THE PROBLEM: Using the data below, restate exactly every line from the one with "Toyota CH-R Hybride Essence 2018 image 2" up to and including the one with "Ray of Alma". No picture belongs in it.

DATA EXTRACTS:
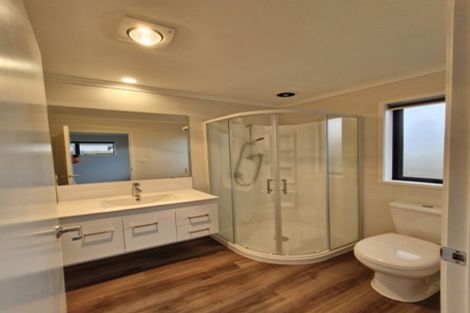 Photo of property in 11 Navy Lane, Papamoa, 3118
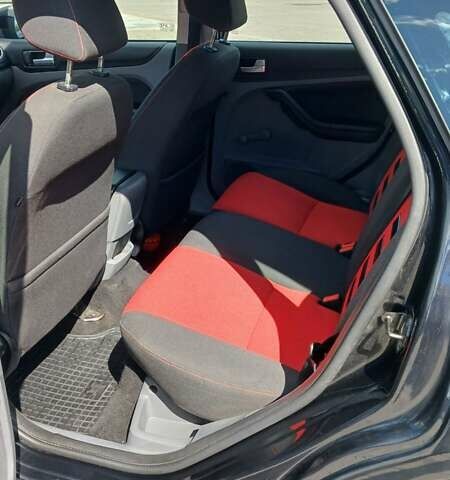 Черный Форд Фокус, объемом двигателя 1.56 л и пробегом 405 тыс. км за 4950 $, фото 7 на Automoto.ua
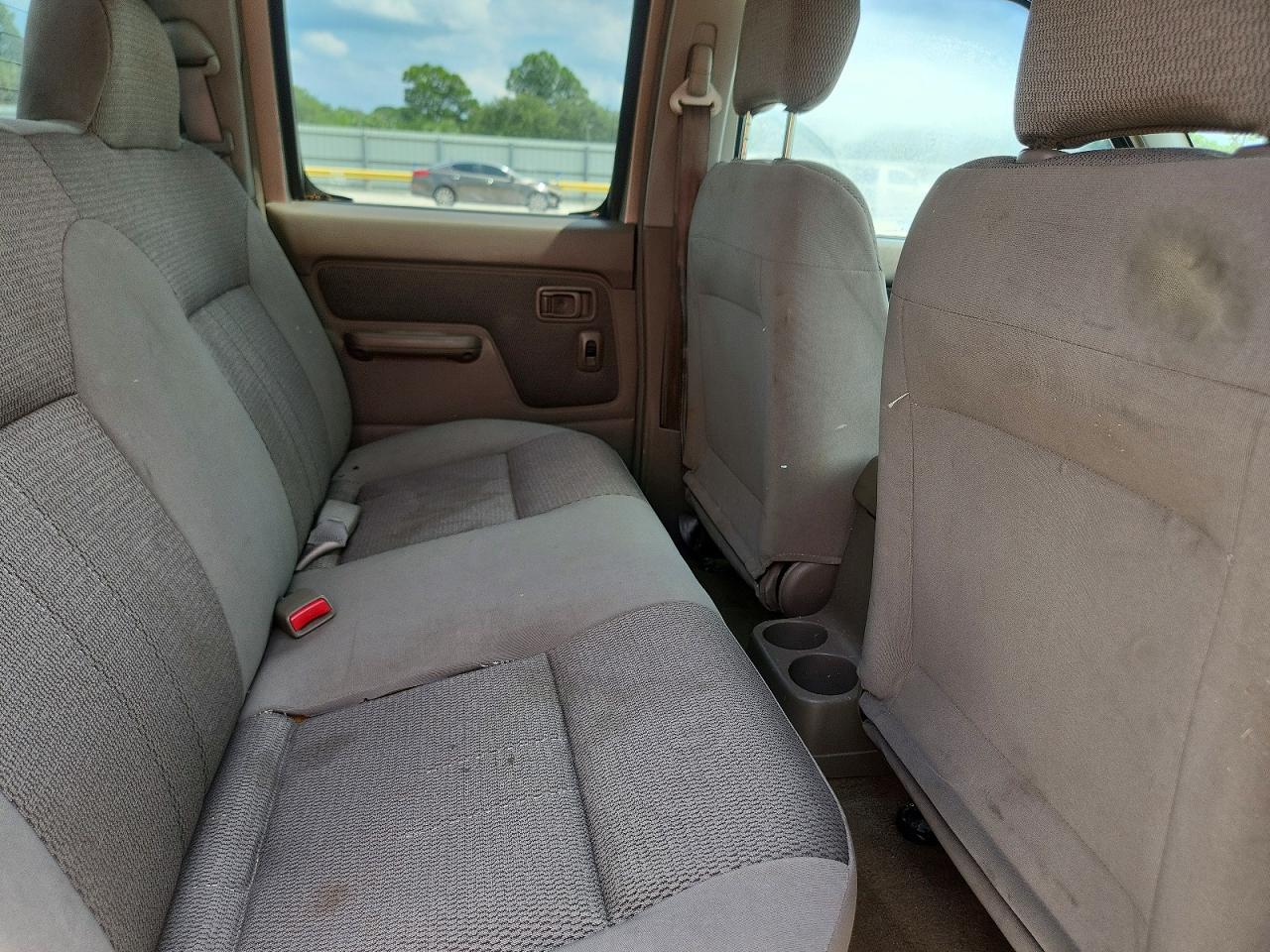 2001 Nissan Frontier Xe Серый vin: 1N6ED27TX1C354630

...

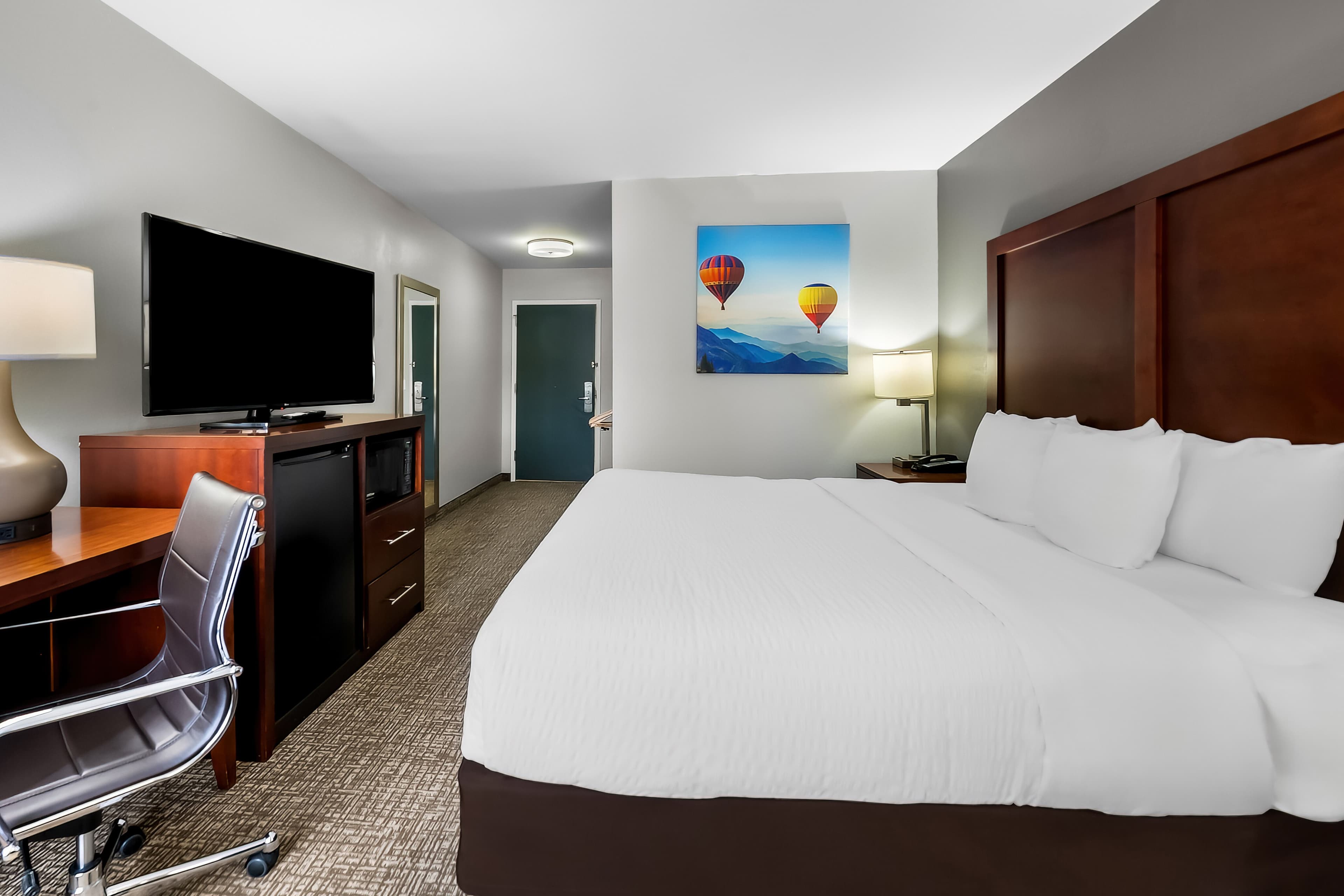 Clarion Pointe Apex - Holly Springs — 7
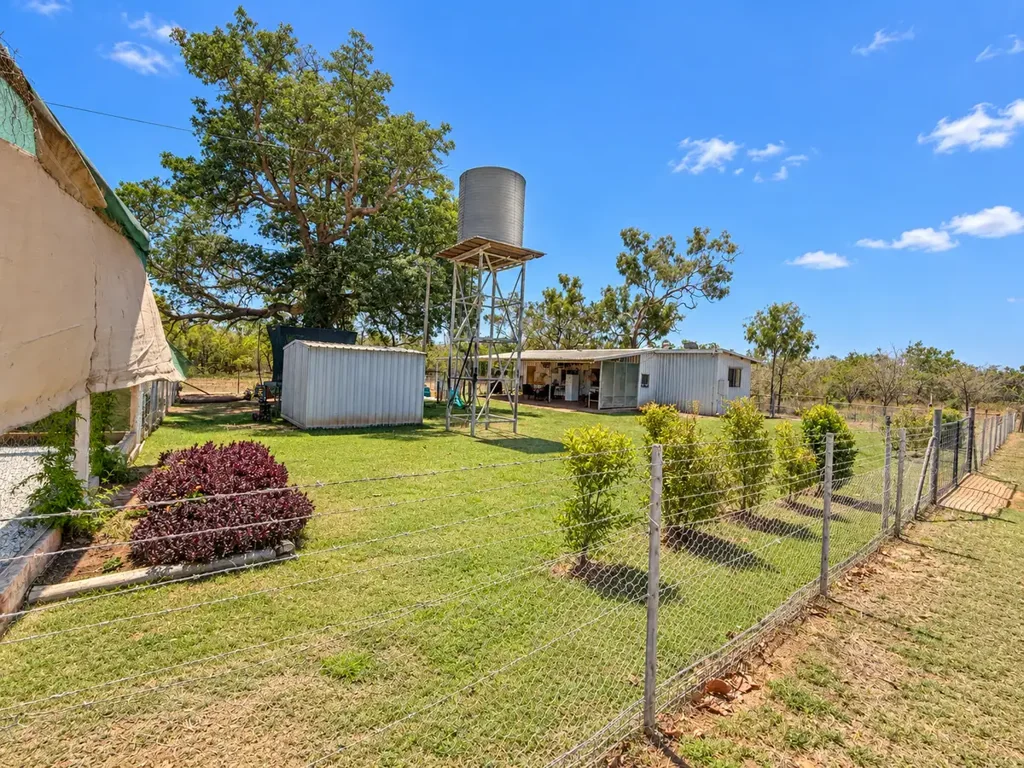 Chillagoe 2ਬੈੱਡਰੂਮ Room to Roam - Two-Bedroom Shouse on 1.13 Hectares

==

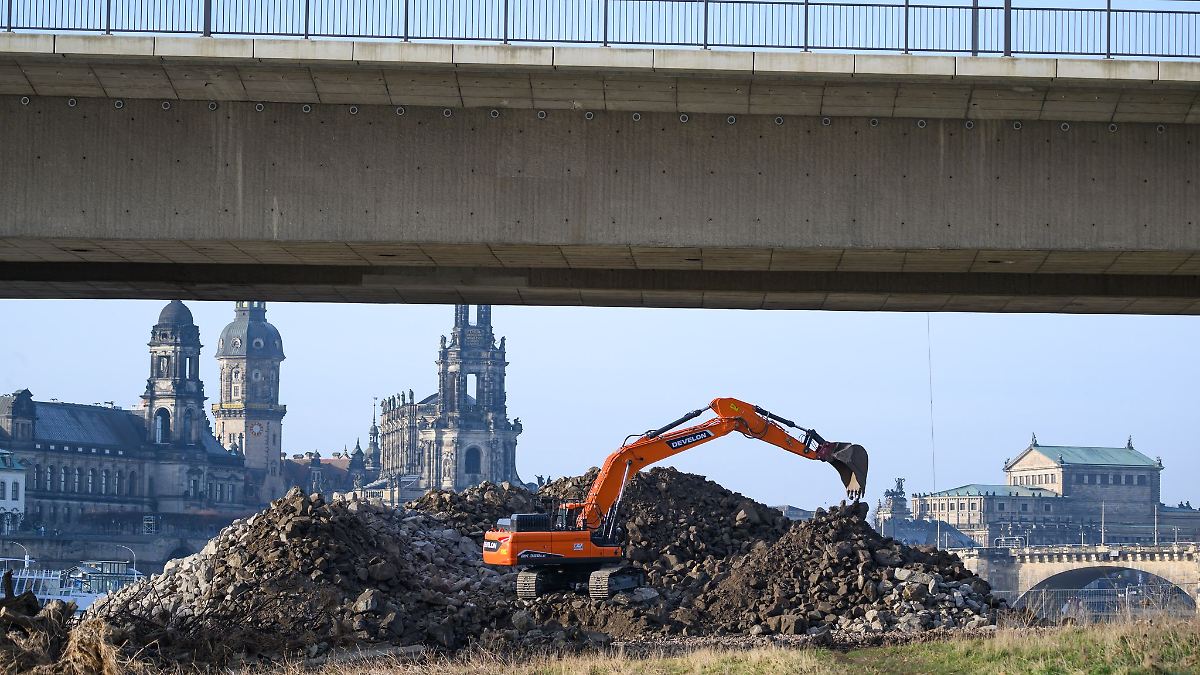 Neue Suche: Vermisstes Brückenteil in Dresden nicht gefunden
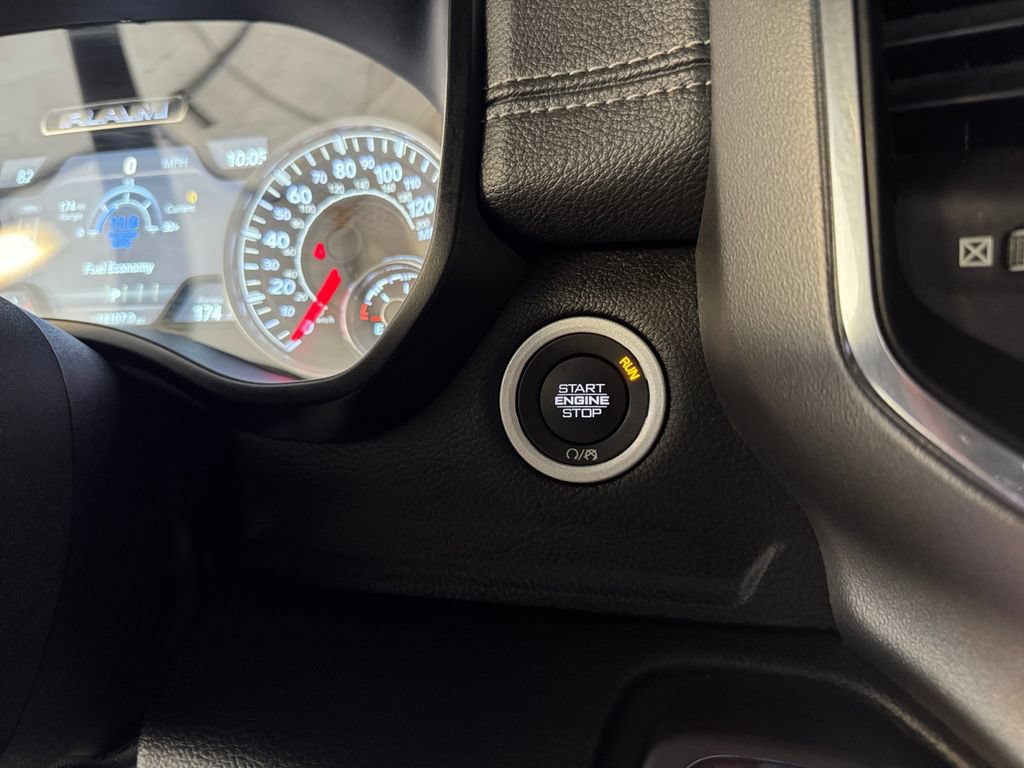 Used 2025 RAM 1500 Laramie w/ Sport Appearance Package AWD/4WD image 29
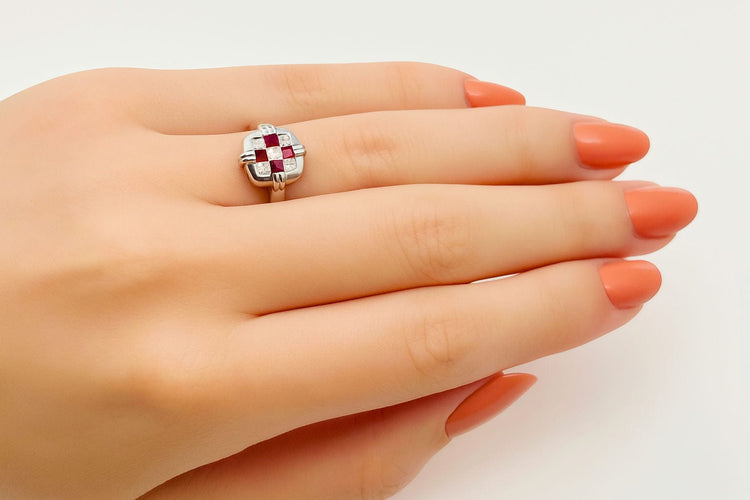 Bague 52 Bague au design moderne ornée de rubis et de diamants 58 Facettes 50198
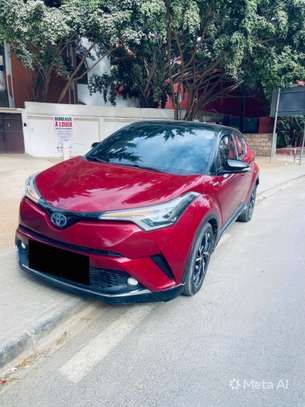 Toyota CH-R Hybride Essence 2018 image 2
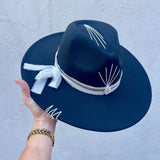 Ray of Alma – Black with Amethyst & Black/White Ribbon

RESULT FOR THIS TASK:
 Toyota CH-R Hybride Essence 2018 image 2
 Ray of Alma – Black with Amethyst & Black/White Ribbon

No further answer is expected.